Applying the same procedure as above we get

$$w_{window} = \sqrt{0.75 \cdot 1.5}\approx 1.06 [m]$$

Next we can estimate how many windows could be squeezed into the width of a single block of the wall. It appears that 2 windows could be fit comfortably into the same width, but 5 would be already stretching the boundaries of belief. Hence:

$$N_{windows} = \sqrt{2\cdot 5} \approx 3.16\;.$$

Using this estimate we obtain a second estimate of the width of a single block (and hence the height of the floor):

$$w_{block} = 3.16\cdot 1.06[m] \approx 3.35 [m]\;.$$

The estimate is close to our direct estimate of \(3.16 [m]\) improving the confidence in our estimates. With the same reasoning as above we hence estimate the width of a building block to be

$$w_{block} := 3 [m]\;.$$

Building width

This gives us an estimated length of the visible wall of \(3\cdot 3[m]=9[m]\). An additional section not visible in the picture but shown in the sketch is present, which is ~1 plate wide. Thus the overall width of the building is around

$$w = 4\cdot h_{floor} = 12 [m]$$

Building length

Next we estimate the length \(l\) of the building, again via multiple steps.
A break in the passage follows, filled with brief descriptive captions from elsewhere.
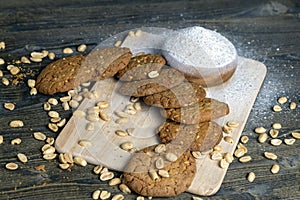 oatmeal cookies with peanuts on a black wooden table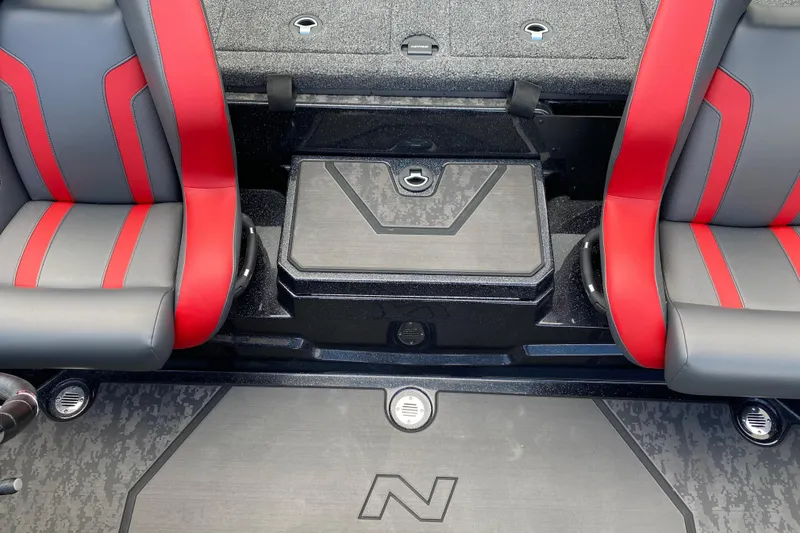 Slide: The Image of 2025 Nitro Z20 XL Pro boat interior with red and gray seats, storage compartments. - 6
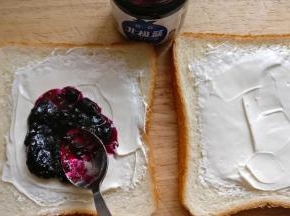 奶酪上涂抹一层蓝莓果酱，果酱涂抹在一片吐司上即可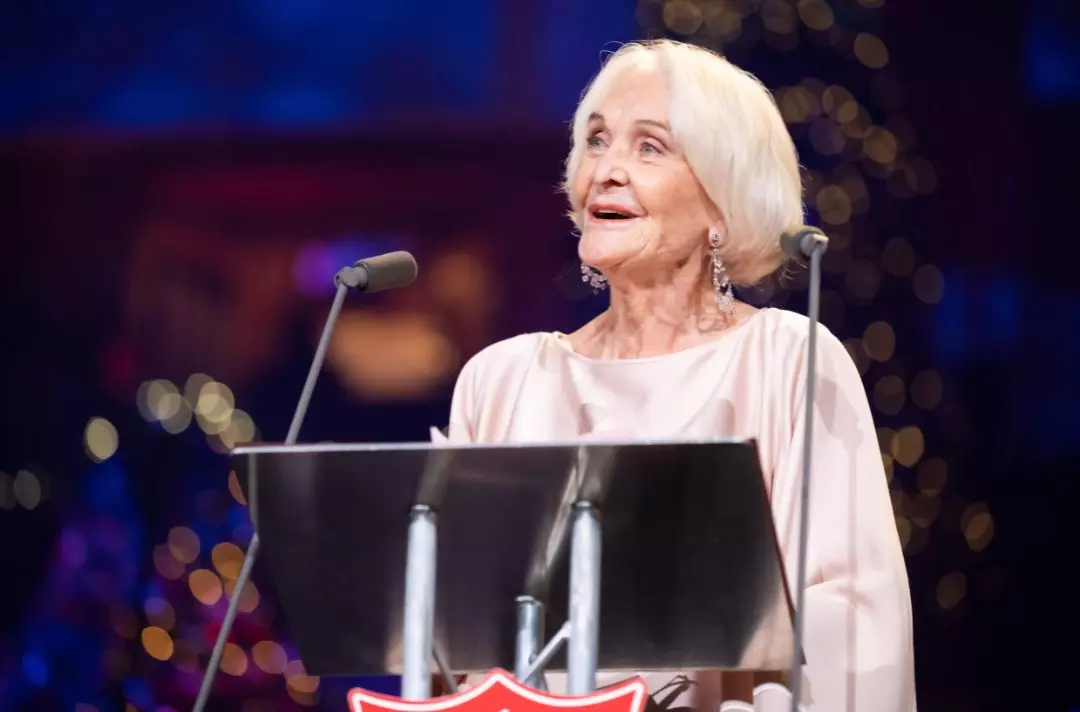 A photo of Sheila Hancock reading the Bible on the stage at the Royal Albert Hall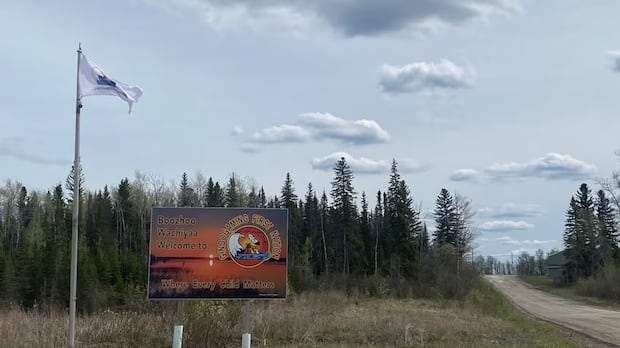 A sign next to a road welcomes people to Ginoogaming First Nation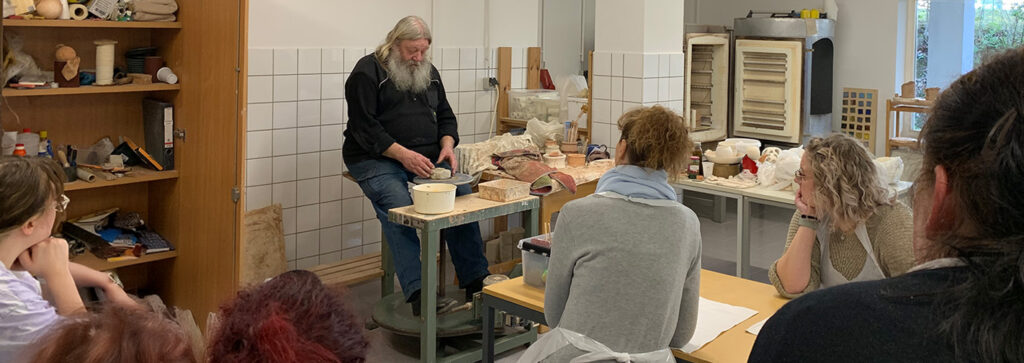 Töpfer zeigt den Umschülerinnen Ton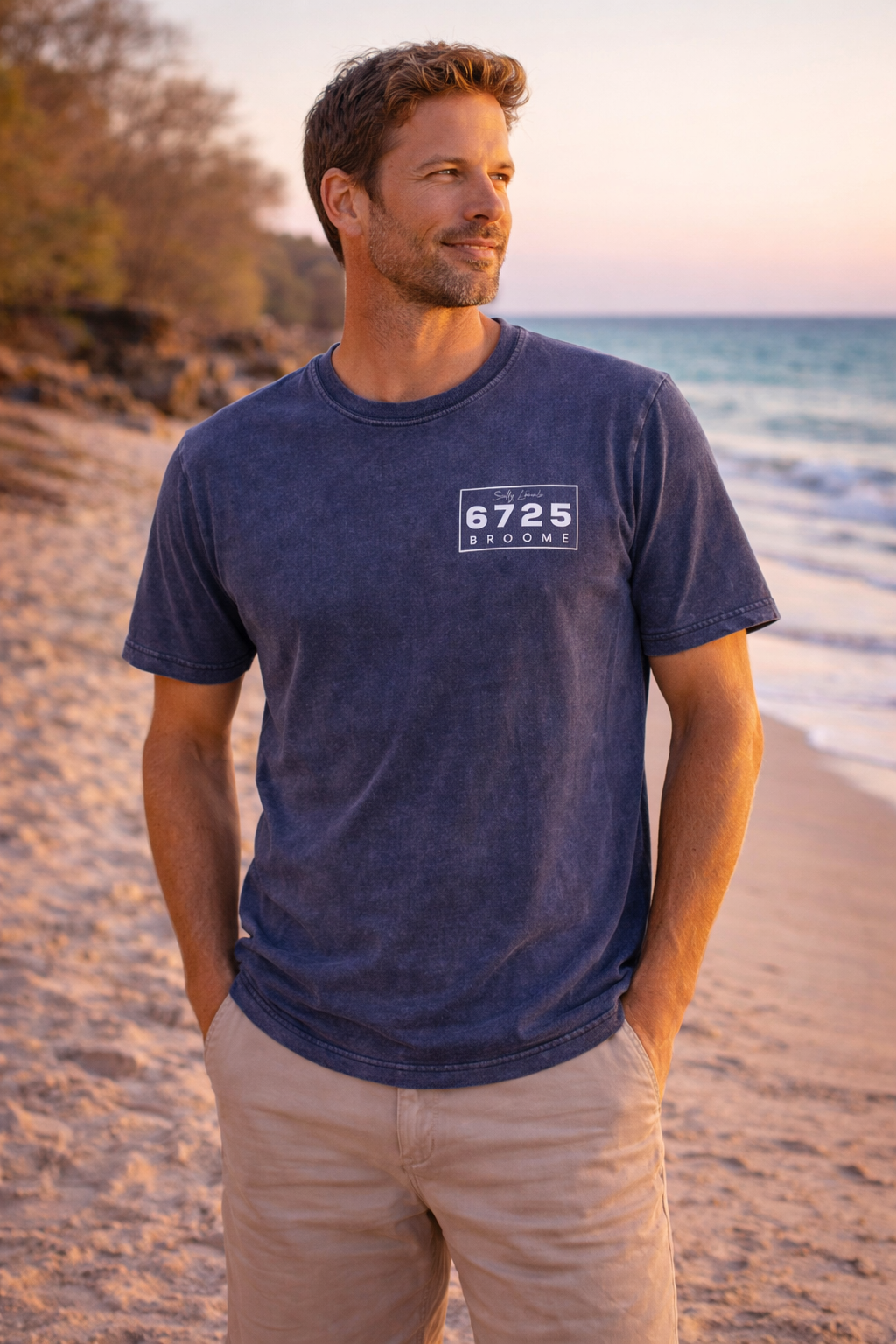 Men's Stonewash T-Shirt worn by a man on the beach during sunset, showcasing its blue color and casual style.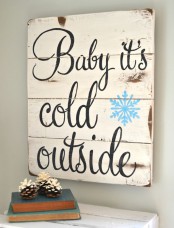 a vintage white Christmas sign with black calligraphy and a blue snowflake is a lovely decoration you can DIY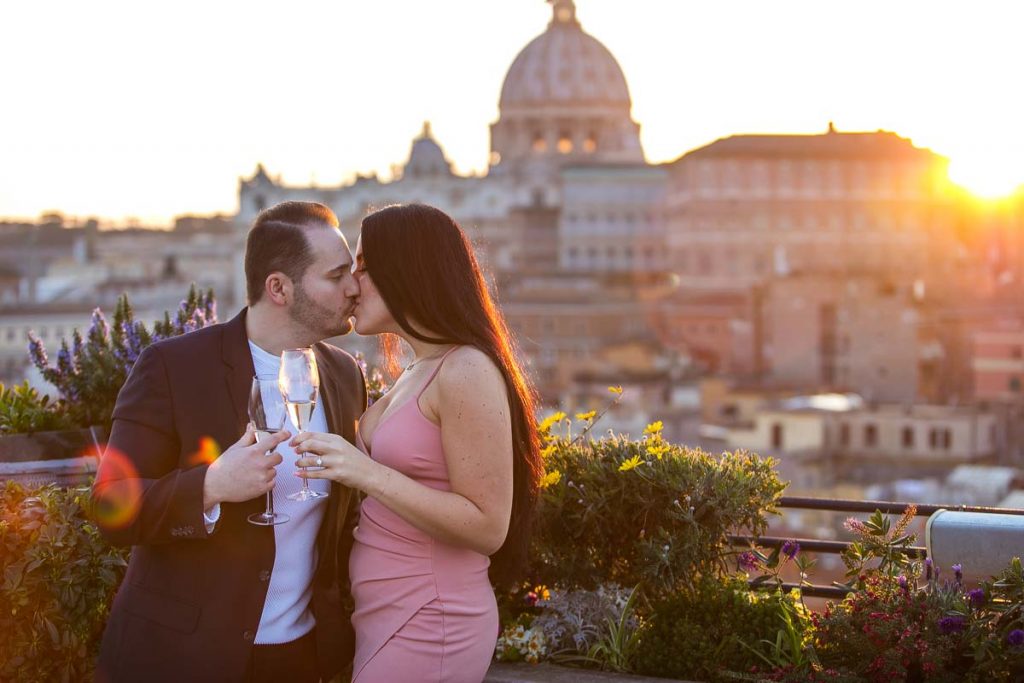 Just engaged. Celebrating engagement during a unique and creative photo session overlooking the roman skyline at sunset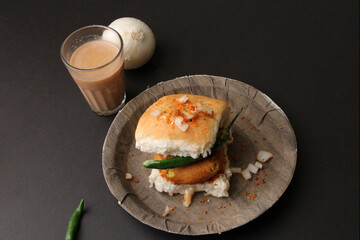 Masala cutting chai and Bombay vada paav is an indian burger. Potato patty is deep fried in gram flour or besan batter it is served hot with paav or bun like sandwich. 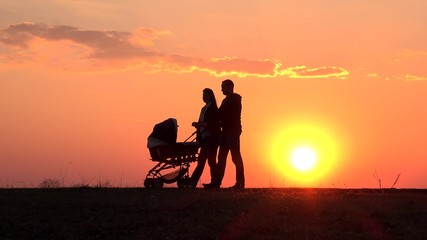Fototapeta premium Mother and father silhouette walking together with baby pram, close colored sky, sunset sun shinning, conceptual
Our first estimate of the length will be using the visible building width, which was computed in Building width. By way of visual comparison we can estimate that the building is at least 3 times and at most 5 times longer than the visible width. This yields an estimated length

$$l_{est} = \sqrt{3\cdot 5} \cdot 9 [m]\approx 34.85 [m]\rightarrow 35[m]$$

Next we derive the length estimate from estimating the window dimensions for the balconies and the remainder on the right. We observe that each balcony consists of two windows and a door. Both windows are split in a roughly 2:1 configuration, for a total width of 3 units. The slimmest section being one unit we estimate its width at around 1 to 1.5 persons, or 50 to 75 cm with a geometric average being \(\sqrt{0.375}\approx 0.61 [m]\). This yields the width of the window to be \(3 \cdot 0.61 \approx 1.83 [m]\). There being two of them per balcony results in the width of the balcony being at least \(3.66 [m]\). Additionally we can estimate the door to be a bit wider than the slim section of the window and thus estimate its width at \(1 [m]\), resulting in an overall length of a balcony being \(4.66 [m]\), which we can fairly safely round up to \(5 [m]\) on the basis that we have neglected wall thickness and that this would be a much more likely width for a construction site!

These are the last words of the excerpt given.